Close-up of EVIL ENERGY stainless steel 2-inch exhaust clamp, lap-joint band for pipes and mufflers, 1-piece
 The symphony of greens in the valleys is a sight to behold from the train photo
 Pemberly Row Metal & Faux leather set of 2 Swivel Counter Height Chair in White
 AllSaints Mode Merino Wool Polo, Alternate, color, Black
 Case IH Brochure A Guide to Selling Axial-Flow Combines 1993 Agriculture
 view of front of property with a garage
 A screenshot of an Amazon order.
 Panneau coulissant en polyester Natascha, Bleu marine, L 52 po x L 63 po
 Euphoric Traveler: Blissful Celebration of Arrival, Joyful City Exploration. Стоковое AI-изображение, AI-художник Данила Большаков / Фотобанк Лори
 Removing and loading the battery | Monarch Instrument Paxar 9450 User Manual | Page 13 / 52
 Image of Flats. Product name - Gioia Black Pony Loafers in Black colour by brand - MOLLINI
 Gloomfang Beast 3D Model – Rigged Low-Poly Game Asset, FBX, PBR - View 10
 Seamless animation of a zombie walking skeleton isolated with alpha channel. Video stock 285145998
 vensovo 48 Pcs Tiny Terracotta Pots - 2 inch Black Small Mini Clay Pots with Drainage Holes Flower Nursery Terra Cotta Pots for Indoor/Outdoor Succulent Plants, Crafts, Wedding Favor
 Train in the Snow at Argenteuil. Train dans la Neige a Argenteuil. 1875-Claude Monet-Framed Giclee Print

**********

→ Goal of the exercise: Please write out only the lines from the one containing "Seamless animation of" to the end of the records above, exactly, both ends included.

→ Response for this exercise:
 Seamless animation of a zombie walking skeleton isolated with alpha channel. Video stock 285145998
 vensovo 48 Pcs Tiny Terracotta Pots - 2 inch Black Small Mini Clay Pots with Drainage Holes Flower Nursery Terra Cotta Pots for Indoor/Outdoor Succulent Plants, Crafts, Wedding Favor
 Train in the Snow at Argenteuil. Train dans la Neige a Argenteuil. 1875-Claude Monet-Framed Giclee Print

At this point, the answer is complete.